The difficulty lies in the many different ways that a date problem could impact the
function of a systems. It would be very convenient if the system just shut down. But most
likely the application would compute an invalid value causing incorrect decisions to be
recommended or (worse) pass bad data on to the next user. Total system failure is usually
fairly obvious and easy to detect. Data corruption problems may not be easy to detect --
particularly with the widespread attitude that if an application executed then what it did
must be correct (it was tested once, wasn't it?).
The event horizon for a Y2K problem in an individual application or system will be
specific to how the date is being used. If the date procedure is calculating future events
such as when a product lot expires or the number of days interest paid before maturity
then the failures should have occurred in the past. If the date procedure is evaluating
past events such as the age of an outstanding invoice or the expiration of an
interest-free grace period then the failures should occur in the future, sometime after
the calendar transition. There is even the chance that a calculation will only fail for a
while -- and heal itself when both dates it is working with are from the same century.
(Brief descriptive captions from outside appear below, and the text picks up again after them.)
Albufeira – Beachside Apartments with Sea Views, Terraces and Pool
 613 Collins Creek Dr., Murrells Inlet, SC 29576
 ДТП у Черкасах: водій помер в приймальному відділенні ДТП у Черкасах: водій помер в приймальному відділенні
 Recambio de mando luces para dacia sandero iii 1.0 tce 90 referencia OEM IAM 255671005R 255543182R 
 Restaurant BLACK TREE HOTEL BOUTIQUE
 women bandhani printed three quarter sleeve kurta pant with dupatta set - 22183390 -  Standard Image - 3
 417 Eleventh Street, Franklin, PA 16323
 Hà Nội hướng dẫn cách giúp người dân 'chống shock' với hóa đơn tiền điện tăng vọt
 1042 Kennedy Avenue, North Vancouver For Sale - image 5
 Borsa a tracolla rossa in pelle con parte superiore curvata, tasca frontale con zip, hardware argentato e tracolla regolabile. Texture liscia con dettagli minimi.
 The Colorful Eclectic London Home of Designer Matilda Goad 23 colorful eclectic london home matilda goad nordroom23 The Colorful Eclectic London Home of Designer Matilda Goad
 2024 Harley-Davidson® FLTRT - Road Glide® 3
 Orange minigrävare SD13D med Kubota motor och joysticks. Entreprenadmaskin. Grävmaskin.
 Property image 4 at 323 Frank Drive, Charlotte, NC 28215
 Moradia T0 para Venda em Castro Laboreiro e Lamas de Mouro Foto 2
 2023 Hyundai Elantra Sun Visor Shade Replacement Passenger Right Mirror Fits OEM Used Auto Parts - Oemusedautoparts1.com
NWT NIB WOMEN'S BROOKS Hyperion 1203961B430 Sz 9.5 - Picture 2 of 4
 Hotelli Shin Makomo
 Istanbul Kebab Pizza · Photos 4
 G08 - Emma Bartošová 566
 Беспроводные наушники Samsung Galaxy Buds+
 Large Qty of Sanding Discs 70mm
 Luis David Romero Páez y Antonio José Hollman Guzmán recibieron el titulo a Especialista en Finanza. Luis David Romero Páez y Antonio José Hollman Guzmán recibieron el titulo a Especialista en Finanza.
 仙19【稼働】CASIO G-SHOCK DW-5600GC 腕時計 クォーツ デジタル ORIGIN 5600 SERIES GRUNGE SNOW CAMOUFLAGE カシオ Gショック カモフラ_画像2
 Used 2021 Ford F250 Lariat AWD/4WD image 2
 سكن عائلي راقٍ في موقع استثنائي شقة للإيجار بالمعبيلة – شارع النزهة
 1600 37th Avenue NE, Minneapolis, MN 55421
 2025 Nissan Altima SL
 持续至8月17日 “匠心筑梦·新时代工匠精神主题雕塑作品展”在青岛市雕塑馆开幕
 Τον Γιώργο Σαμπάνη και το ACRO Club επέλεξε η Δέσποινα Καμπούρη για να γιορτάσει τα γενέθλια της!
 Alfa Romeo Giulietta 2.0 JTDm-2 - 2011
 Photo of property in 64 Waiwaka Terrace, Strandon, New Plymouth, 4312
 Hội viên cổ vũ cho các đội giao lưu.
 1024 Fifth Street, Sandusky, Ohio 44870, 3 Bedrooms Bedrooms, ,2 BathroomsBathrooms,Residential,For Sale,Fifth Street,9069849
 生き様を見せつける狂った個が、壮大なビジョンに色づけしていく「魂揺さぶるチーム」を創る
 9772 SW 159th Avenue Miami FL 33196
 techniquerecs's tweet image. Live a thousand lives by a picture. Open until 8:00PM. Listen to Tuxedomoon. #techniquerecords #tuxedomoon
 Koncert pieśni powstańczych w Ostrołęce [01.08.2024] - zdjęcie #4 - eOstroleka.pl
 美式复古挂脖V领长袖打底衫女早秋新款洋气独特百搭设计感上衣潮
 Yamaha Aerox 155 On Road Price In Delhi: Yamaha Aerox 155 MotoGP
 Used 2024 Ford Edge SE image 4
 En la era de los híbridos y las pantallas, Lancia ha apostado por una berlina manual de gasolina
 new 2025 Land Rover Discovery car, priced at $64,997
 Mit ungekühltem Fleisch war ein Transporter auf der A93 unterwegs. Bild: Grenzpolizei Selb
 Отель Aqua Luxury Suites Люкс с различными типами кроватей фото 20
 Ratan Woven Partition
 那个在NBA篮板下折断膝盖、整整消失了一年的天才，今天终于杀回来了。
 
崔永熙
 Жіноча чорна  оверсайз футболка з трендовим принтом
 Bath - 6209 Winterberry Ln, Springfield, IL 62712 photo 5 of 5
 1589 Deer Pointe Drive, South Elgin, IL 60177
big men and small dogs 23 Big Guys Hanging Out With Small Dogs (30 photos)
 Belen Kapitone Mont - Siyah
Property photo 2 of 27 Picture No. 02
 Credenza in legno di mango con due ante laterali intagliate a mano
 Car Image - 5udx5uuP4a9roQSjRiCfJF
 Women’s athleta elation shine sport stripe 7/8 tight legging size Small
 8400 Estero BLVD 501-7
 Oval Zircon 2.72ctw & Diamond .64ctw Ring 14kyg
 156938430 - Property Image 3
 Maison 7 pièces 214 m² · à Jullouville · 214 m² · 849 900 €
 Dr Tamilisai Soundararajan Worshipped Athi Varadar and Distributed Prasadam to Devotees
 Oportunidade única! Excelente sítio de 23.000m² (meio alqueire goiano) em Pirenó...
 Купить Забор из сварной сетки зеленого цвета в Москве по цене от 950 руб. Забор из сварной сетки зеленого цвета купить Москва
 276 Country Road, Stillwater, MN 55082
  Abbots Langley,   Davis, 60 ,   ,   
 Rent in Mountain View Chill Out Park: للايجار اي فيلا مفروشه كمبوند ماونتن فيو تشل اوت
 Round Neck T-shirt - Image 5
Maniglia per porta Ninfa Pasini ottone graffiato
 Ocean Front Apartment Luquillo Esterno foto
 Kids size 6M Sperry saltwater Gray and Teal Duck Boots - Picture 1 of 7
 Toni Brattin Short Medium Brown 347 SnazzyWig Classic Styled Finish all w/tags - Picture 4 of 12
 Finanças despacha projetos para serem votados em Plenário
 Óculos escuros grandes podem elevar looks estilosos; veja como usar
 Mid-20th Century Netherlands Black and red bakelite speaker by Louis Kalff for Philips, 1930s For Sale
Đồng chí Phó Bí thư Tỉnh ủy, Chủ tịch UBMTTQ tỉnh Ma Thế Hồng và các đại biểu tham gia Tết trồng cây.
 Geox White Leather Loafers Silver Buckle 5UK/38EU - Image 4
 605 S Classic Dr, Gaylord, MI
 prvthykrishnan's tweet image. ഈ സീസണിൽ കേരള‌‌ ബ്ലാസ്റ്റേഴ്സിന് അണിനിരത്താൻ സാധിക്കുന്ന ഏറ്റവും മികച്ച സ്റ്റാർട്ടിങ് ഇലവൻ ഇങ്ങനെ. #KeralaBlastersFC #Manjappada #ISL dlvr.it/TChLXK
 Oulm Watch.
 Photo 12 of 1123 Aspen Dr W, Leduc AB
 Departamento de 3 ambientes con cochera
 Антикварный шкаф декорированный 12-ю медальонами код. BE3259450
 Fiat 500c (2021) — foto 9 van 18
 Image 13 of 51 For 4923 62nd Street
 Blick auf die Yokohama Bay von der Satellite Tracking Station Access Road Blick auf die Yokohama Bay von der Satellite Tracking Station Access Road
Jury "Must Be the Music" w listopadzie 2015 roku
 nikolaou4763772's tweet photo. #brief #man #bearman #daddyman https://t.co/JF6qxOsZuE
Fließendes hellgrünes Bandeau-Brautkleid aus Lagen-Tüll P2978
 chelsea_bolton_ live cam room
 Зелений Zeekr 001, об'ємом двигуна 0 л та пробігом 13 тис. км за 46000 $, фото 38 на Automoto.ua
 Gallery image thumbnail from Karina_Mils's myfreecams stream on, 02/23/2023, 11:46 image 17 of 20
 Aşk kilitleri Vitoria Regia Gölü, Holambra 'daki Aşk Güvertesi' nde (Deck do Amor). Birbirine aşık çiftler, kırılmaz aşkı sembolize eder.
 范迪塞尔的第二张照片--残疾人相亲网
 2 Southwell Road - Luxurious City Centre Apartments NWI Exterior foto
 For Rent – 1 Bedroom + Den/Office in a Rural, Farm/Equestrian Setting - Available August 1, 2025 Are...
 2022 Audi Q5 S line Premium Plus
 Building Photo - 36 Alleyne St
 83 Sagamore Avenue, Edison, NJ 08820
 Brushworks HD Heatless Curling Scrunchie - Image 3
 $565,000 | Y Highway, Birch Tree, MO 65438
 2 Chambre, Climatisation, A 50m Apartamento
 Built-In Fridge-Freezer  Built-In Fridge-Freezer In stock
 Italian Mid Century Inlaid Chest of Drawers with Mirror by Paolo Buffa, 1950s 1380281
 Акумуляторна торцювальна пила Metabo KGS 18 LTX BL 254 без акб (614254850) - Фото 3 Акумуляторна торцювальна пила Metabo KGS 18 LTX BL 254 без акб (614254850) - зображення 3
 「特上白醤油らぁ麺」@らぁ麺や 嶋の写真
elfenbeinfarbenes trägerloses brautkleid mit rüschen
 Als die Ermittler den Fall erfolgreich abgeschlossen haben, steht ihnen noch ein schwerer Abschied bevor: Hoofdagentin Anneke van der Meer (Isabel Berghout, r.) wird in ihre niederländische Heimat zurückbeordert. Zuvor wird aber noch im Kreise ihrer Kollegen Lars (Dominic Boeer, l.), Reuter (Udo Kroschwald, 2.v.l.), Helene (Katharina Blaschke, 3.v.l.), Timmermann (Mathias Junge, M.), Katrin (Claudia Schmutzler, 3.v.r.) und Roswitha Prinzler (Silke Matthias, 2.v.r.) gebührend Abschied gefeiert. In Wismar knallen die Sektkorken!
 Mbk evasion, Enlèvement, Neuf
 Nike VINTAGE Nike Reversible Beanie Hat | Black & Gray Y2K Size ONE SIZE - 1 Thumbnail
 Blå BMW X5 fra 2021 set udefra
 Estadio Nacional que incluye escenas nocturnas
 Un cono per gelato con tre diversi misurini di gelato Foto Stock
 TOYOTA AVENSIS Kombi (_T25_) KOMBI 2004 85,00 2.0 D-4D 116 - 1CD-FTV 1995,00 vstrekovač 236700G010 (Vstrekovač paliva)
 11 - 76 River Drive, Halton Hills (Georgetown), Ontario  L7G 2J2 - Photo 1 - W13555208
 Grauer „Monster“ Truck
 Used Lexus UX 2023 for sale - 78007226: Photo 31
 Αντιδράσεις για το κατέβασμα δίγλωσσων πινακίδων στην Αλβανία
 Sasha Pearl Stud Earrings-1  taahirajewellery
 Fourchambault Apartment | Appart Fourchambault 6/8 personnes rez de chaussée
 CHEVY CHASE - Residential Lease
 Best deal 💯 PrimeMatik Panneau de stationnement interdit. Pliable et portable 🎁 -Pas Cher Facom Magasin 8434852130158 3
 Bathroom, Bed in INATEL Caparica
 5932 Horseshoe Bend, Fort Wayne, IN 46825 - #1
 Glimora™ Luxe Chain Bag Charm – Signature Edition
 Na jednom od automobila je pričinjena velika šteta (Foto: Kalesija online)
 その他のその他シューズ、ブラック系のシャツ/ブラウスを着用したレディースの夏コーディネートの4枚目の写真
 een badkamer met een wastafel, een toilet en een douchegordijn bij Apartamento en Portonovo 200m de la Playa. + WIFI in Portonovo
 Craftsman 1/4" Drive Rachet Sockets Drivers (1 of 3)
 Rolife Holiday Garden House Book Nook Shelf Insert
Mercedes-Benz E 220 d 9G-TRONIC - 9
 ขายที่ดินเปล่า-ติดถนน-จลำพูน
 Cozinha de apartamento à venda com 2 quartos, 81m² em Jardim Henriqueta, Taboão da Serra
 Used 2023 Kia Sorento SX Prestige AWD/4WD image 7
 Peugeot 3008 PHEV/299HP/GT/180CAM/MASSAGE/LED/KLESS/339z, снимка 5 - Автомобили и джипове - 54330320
- What will actually happen is a complete unknown.
- Potential complexity can be overwhelming
A detailed examination of the webs of dependencies between and within businesses can be
overwhelming. It is suggested that initial analysis and planning be performed at a high
level and selectively expanded where appropriate. Bottom-up analysis from a technologists
perspective is likely to be less productive than top-down from the perspective of the
senior management team.
- Fundamentally, Year2000 is a software problem,
so limited precedence can be derived from software industry experience creating and
maintaining programs (see Caper Jones article "Probability of Year2000 Damages"
on the Year2000 archive at www.year2000.com/archive/proby2k.html). Analysis of software
defects and the efficacy of their removal suggests that problems can occur even with
'remediated' systems.
- Failures will occur across the end of the century.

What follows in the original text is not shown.